Butler writes in Victorian prose, with no line breaks and a register that mixes plain English with period formality. Phrases like "man after my own heart" (Book 5) and "hands of doom and death overshadow me" (Book 21) have a ceremonial weight that belongs to the late nineteenth century rather than to ancient Greek, but the prose moves without obstruction. Verity writes in verse with long lines that roughly follow the Greek hexameter's reach. In Book 6, Butler's "Men come and go as leaves year by year upon the trees" is a single fluid sentence; Verity's "As is the family of leaves, so it is also with men" keeps the explicit comparison the Greek states, at the cost of some momentum. Verity's diction stays close to contemporary standard English without being colloquial. Verity holds to the Greek syntax with care. In Book 9, Butler condenses Achilles' speech to its core choice: "my name will live for ever" or "it will be long ere death shall take me." Verity keeps both sides fully: "I shall lose my homecoming, but my fame will never die" and "my noble fame will be lost, but my life will be long." The compression Butler uses makes the passage easier to read fast; Verity's version gives the reader the whole structure of Achilles' reasoning. Butler regularly cuts supporting clauses and secondary details, which speeds the narrative but removes material the Greek carries. Verity adds fewer touches of his own but keeps more of what is on the page.

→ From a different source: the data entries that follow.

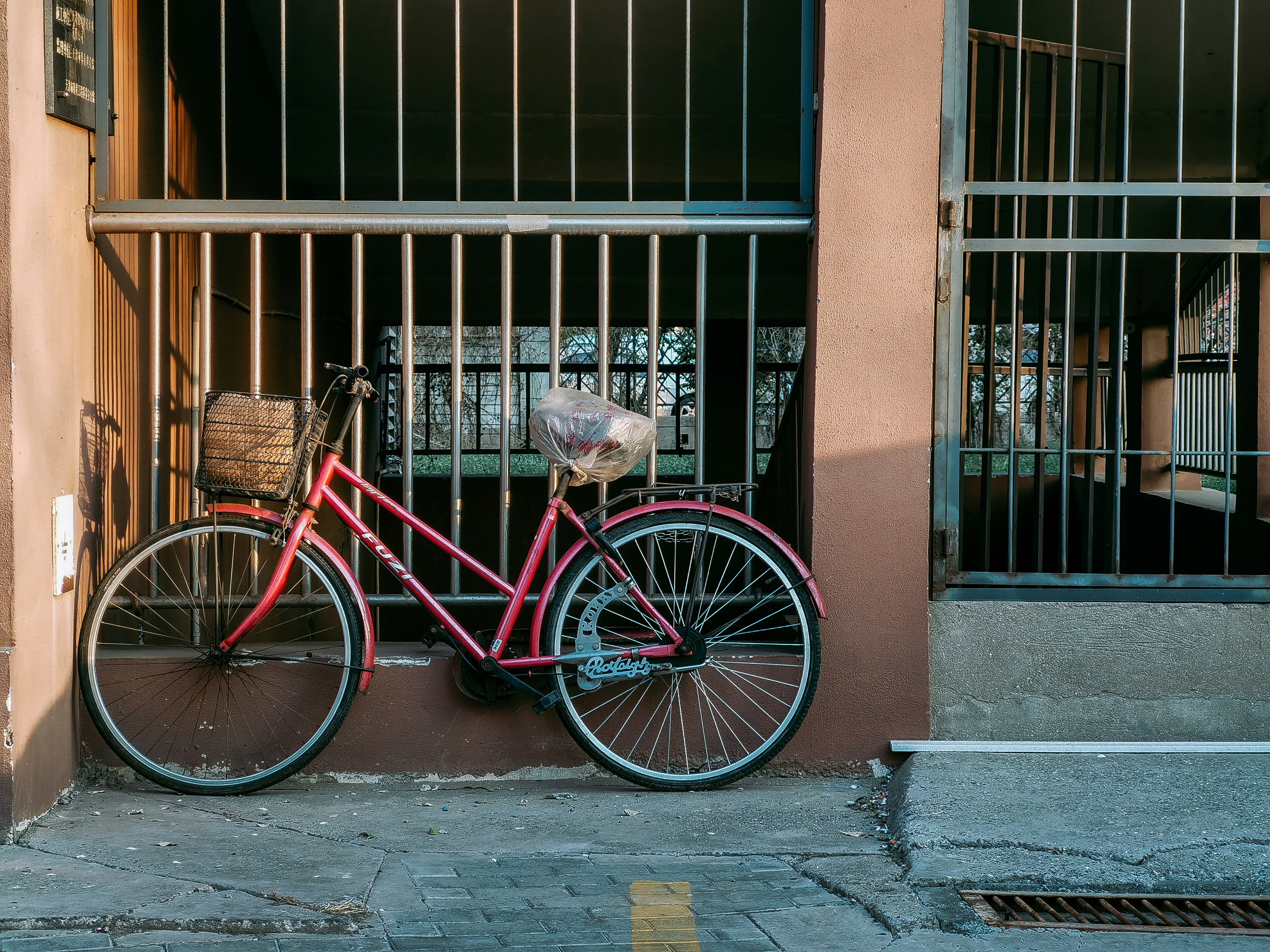 red city bike beside brown brick wall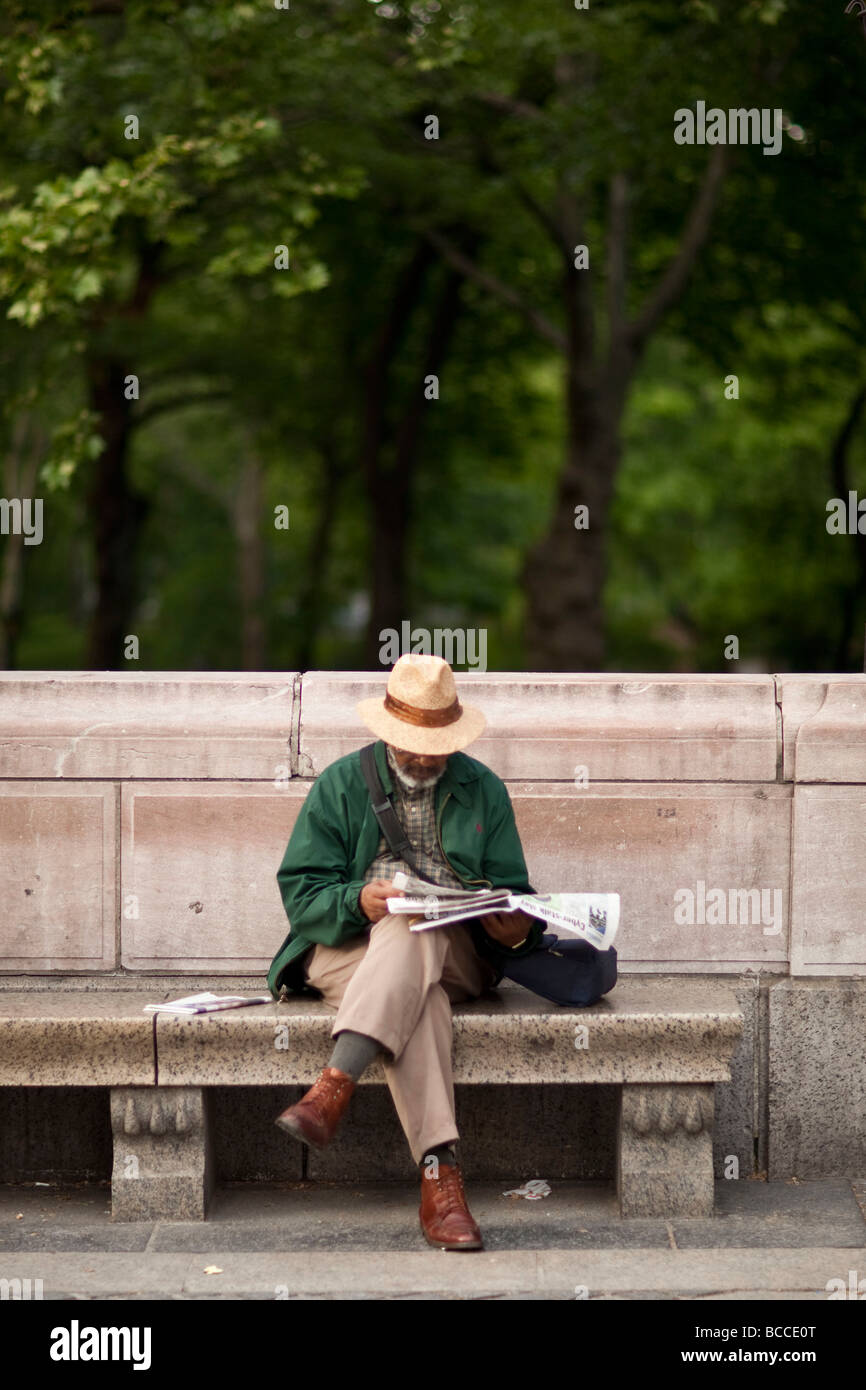 Uomo nero si siede su un banco di pietra da un parco e si legge il giornale in New York USA Maggio 2009 Foto Stock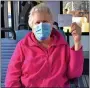  ?? SUBMITTED ?? Jean Harvey of Kirtland holds her vaccine card after receiving her first dose on Feb. 5 at the Coulby Park distributi­on site in Wickliffe.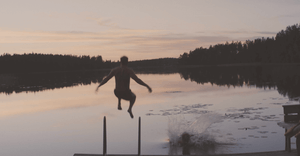 Skandinavisk sommar med RMFB, människor som hoppar från en brygga i solnedgången 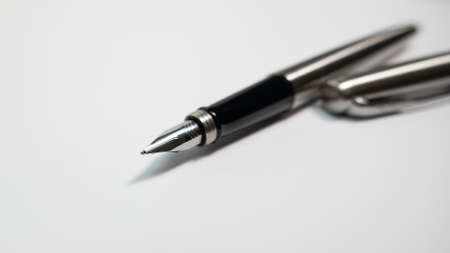 Fountain pen on a sheet of white paper. Close up, shallow depth of field.
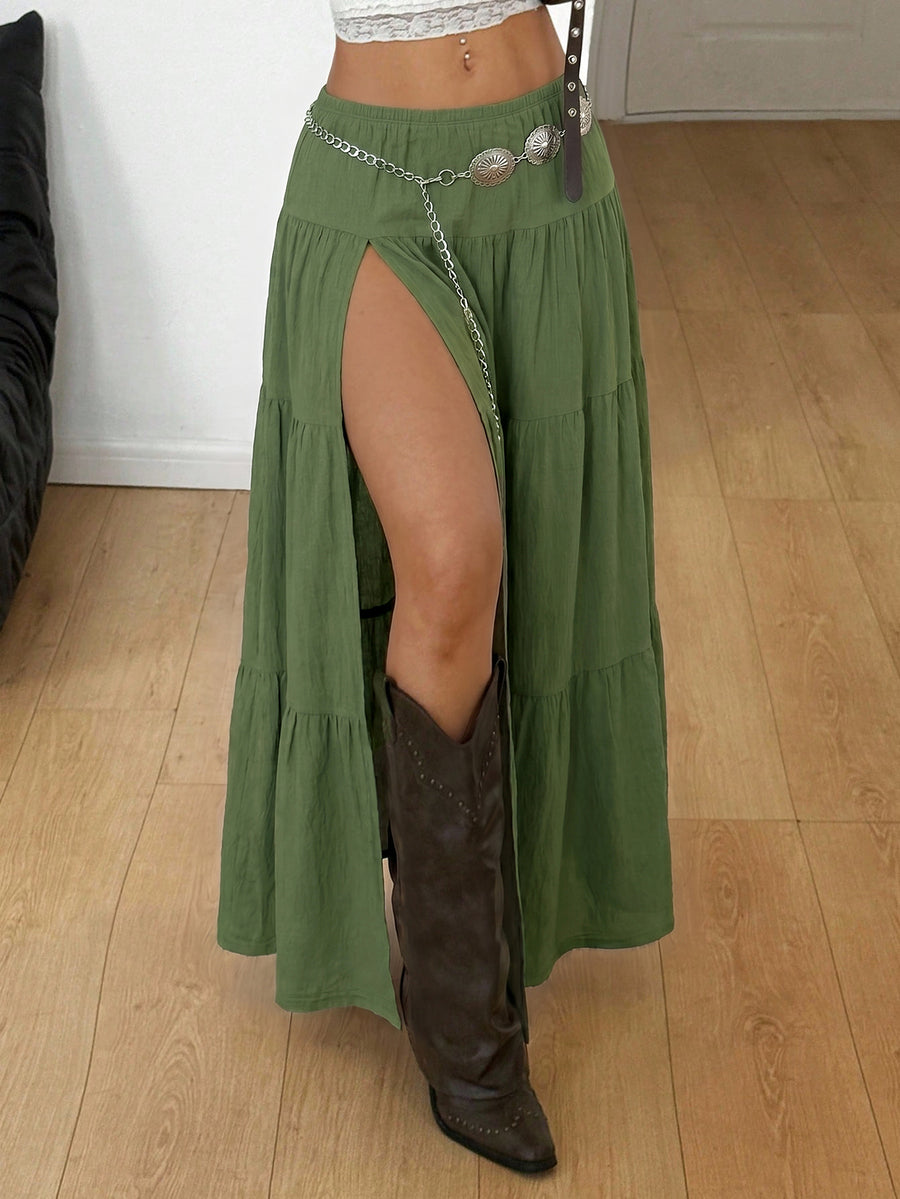 Women's red plaid long skirt featuring a low-rise waist and a side slit in lightweight woven fabric.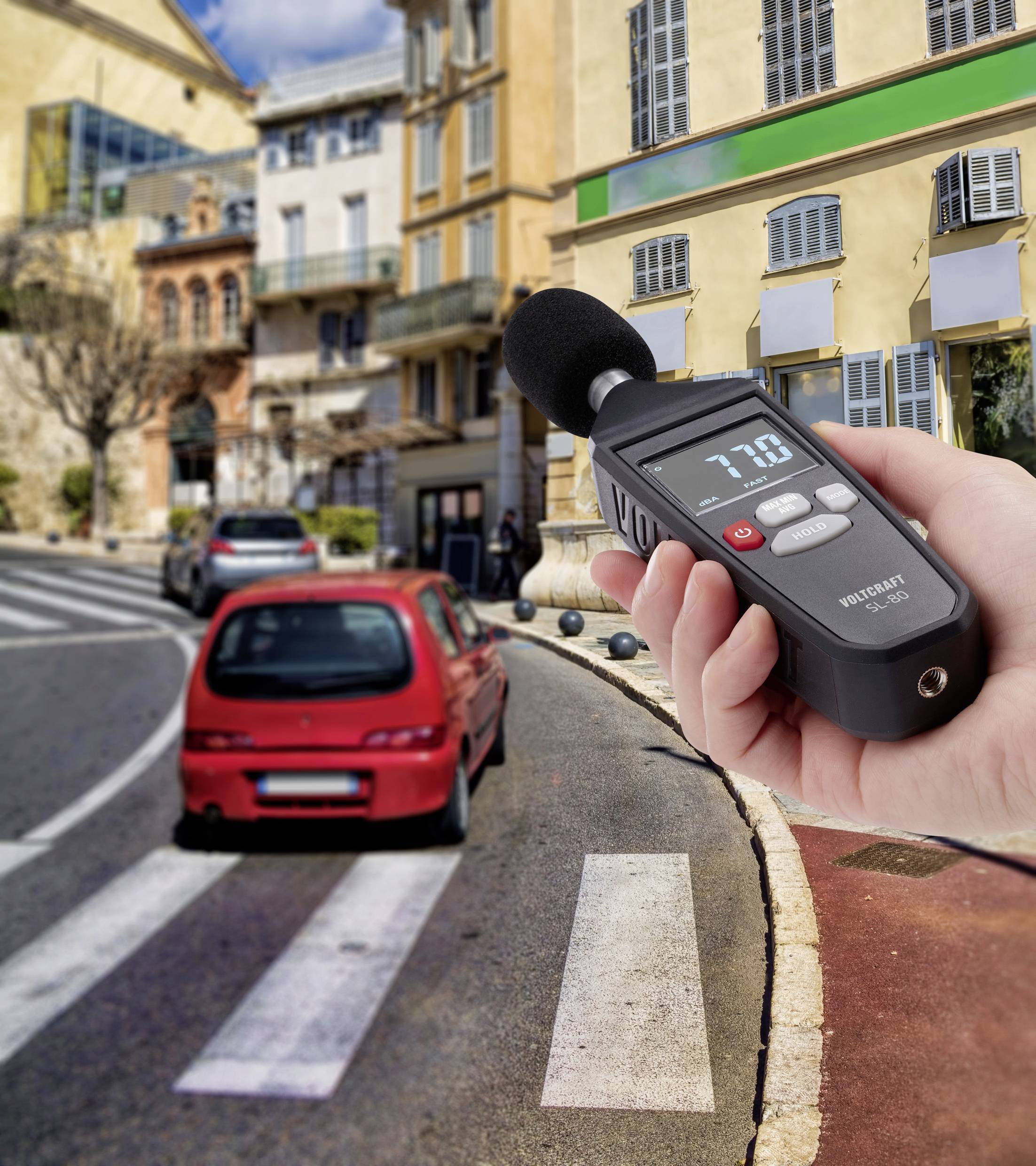 Une personne mesure le niveau sonore à l'aide d'un sonomètre près d'une rue animée avec une voiture rouge qui passe.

Sing, O goddess, the anger of Achilles son of Peleus, that brought countless ills upon the Achaeans. Many a brave soul did it send hurrying down to Hades, and many a hero did it yield a prey to dogs and vultures, for so were the counsels of Jove fulfilled from the day on which the son of Atreus, king of men, and great Achilles, first fell out with one another.
SING, goddess, the anger of Achilles, Peleus' son,
the accursed anger which brought the Achaeans countless
agonies and hurled many mighty shades of heroes into Hades,
causing them to become the prey of dogs and
all kinds of birds; and the plan of Zeus was fulfilled.
Sing from the time the two men were first divided in strife—
Atreus' son, lord of men, and glorious Achilles.